Showing posts with label elmore leonard. Show all posts
Showing posts with label elmore leonard. Show all posts

Monday, February 8, 2010

More with less, again

I've been obsessively thinking about that New York Times piece by Elmore Leonard that Pale Ramón posted in the comments a couple weeks back. In it, Leonard makes the case for spare prose, and offers up some basic rules to follow, summarizing it all with "If it sounds like writing, I rewrite it."

A lot of it is stuff you've heard before (don't use adverbs). But there are a couple of really surprising things in this list, and they are "avoid detailed descriptions of characters," and "don't go into great detail describing places and things." When you think about it, these constitute fairly radical advice. He's telling you not to describe stuff, pretty much at all. Whatever faults Leonard's books may have, a lack of vividness is not among them. So how does he do it?

It's all about the power of suggestion. The more readers are forced to invent on their own, the more invested they become in the story. The key is to sketch the right lines, so that the detailed picture forms itself in the reader's mind. I am reminded of David Hockney's "greatest drawing ever made," a simple sketch by Rembrandt that has perhaps the largest meaning-to-content ratio of anything I've ever looked at.

I've spent the past week trying to get students to put fewer words on the page--by coincidence, this seems to be the #1 problem in my classes so far this semester. And as I embark on another new possible novel project, I am beginning to envision a slim volume, sketched out with the faintest of lines. I just finished Don Delillo's highly spare and stylized new book, and while I don't adore it, it makes me very excited. To write this way requires a leap of faith, and a level of judiciousness that, to be honest, I have never actually attempted to achieve.

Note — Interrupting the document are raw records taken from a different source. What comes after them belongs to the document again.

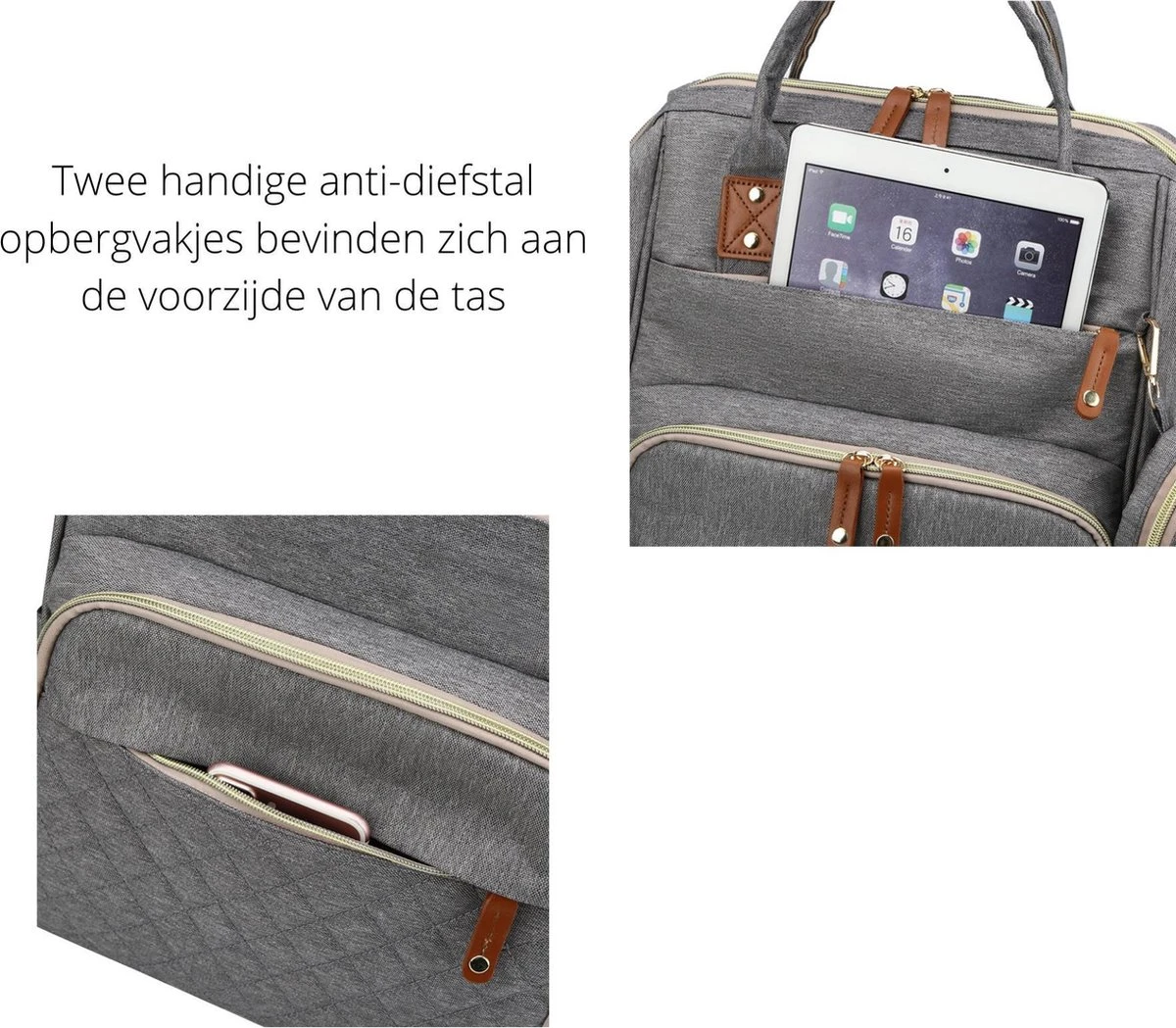 Humpy Dumpy Stijlvolle Luiertas Rugzak (Zwart) Met Uitschuifbaar Verschoon/ Slaap Bedje. Incl. Verschoon Matje, USB Poort & Buggy Straps - Afbeelding 11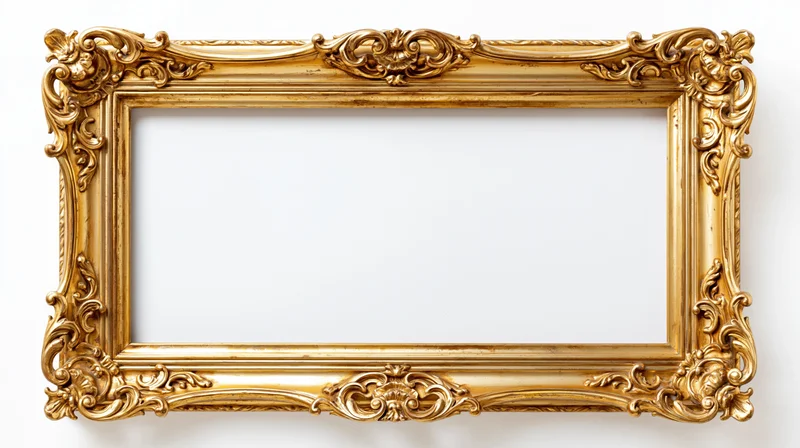 Ornate gold baroque frame with rococo scrollwork hanging on white wall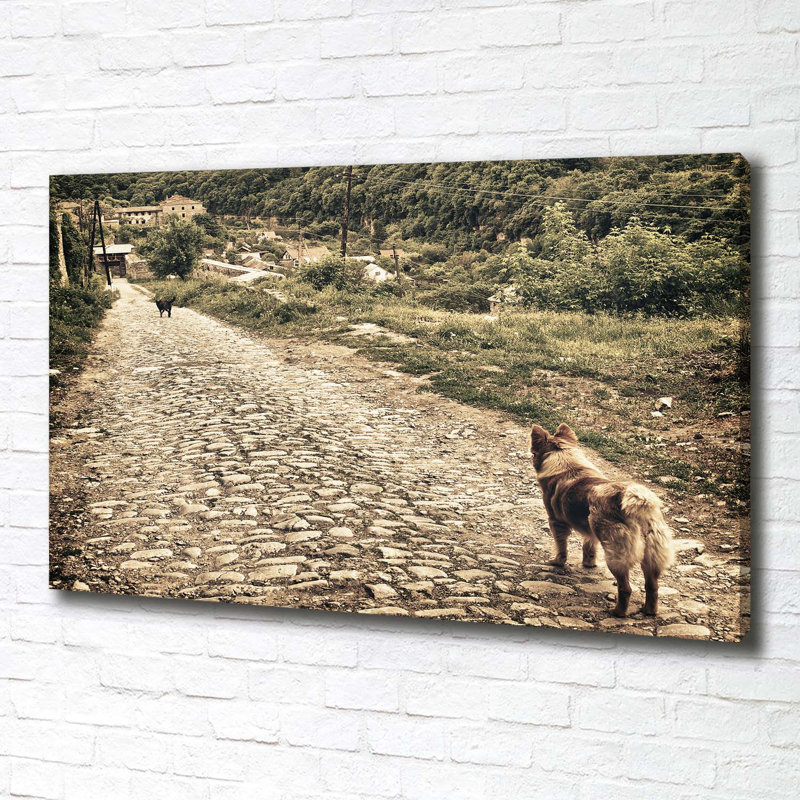 Two Dogs On The Hill - Wrapped Canvas Print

As long as I'm demanding it of my students, I might as well give it a try.

Tuesday, January 12, 2010

Elmore Leonard's dialogue

You'd think, if you read this blog at all regularly, that I would be a huge Elmore Leonard fan. And indeed, I've long thought of myself as one, even though I'd only read one of his novels (Killshot, maybe?) and listened to another (Be Cool) on a car trip. Unfortunately, the guy reading the latter was terrible--I can't recall who it was--but he made all the women sound like seven-year-old children.

Anyway, the one book I actually read, I loved. And I knew I would love his other books. And I love crime novels and am always looking for something to read. Sometimes it is actually painful for me not to have a good crime novel to read--and here's Leonard with like, how many, thirty books? And yet I never read him. Why not? I have no idea. I guess it was always just something I was going to get around to.

Well, I'm on a Leonard kick now. I just read the new one (terrific) and Freaky Deaky, and will probably read half a dozen more before school starts. It's kind of a cliché to say that Leonard is a Great American Writer, because it's obvious that he is, though he doesn't write about anything of particular importance--nothing historically significant, or morally challenging, or especially "moving" or "inspiring." But he does do the only thing literary writers are supposed to give a crap about--create distinctive characters using distinctive prose.

The thing that really makes the guy what he is, though, is dialogue--he is better at writing it than pretty much anyone I've ever read. Here's a random scene from Freaky Deaky; a police Detective, Chris, is staying at his father's apartment after getting kicked out by his girlfriend:

     His dad said, "You seem to have a lot of trouble with women. They keep throwing you out."
     "I do what she wants, she comes up with something else, I don't talk to her."
     "I don't know what it is," his dad said, "you're not a bad-looking guy. You could give a little more thought to your grooming. Get your hair trimmed, wear a white shirt now and then, see if that works. What kind of aftershave you use?"
     "I'm serious."
     "I know you are and I'm glad you came to me. When'd she throw you out, last night?"
     "She didn't throw me out, I left. I phoned, you weren't home, so I stayed at Jerry's."
     "When you needed me most," his dad said. "I'm sorry I wasn't here."
     "Actually," Chris said, "you get right down to it, Phyllis's the one does all the talking. She gives me banking facts about different kinds of annuities, fiduciary trusts, institutional liquid asset funds...I'm sitting here trying to stay awake, she's telling me about the exciting world of trust funds."
     "I had a feeling," his dad said, "you've given it some thought. You realize life goes on."
     "I'm not even sure what attracted me to her in the first place."
     His dad said, "You want me to tell you?"

Leonard is a master of dropped words, rubber-stamped dialogue tags, comma splices, tense changes, cross purposes--he mingles the inventive efficiencies of real speech, as spoken by people who love to talk, with the technical requirements of written prose in a way that makes the page disappear and the voices come to life in the mind. As I said to Rhian last night, in the final stretch of this book, I could listen to these people all day long.